* Exercise goal: Your copy should match the listing below exactly, except that it holds no images.

--- Source data ---

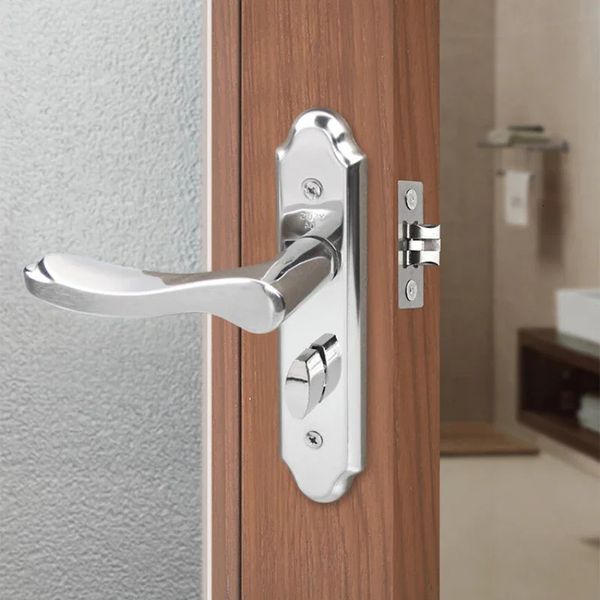 Serrature per porte Serratura per bagno senza chiave in acciaio inossidabile Maniglia per camera da letto Camera interna 231212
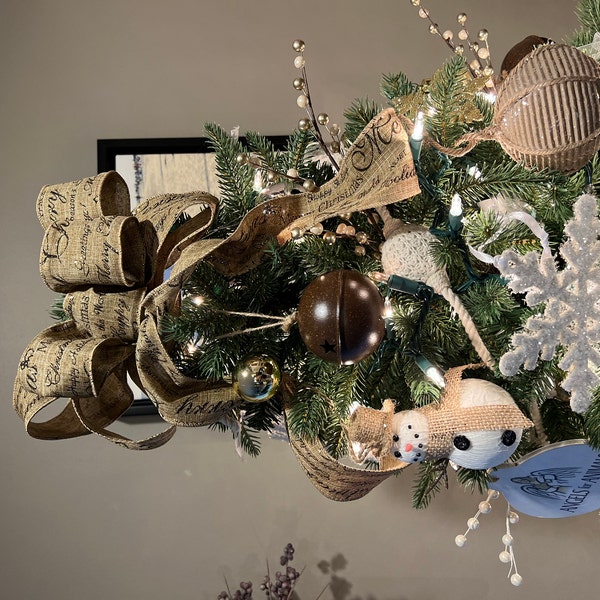 Rustic Burlap Farmhouse Christmas Bow, Christmas Holidays Script Burlap ...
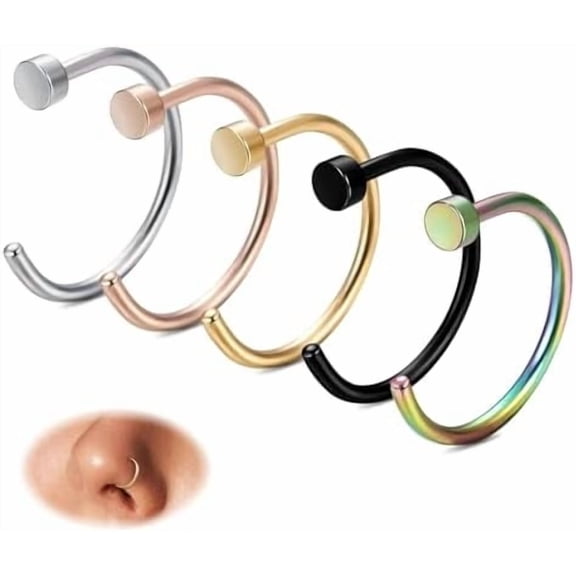 18G-22G 5PCS Stainless Steel Body Jewelry Piercing Nose Ring Hoop for Women 5mix color 20G,8MM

---

* Response to this exercise:
 Serrature per porte Serratura per bagno senza chiave in acciaio inossidabile Maniglia per camera da letto Camera interna 231212
 Rustic Burlap Farmhouse Christmas Bow, Christmas Holidays Script Burlap ...
 18G-22G 5PCS Stainless Steel Body Jewelry Piercing Nose Ring Hoop for Women 5mix color 20G,8MM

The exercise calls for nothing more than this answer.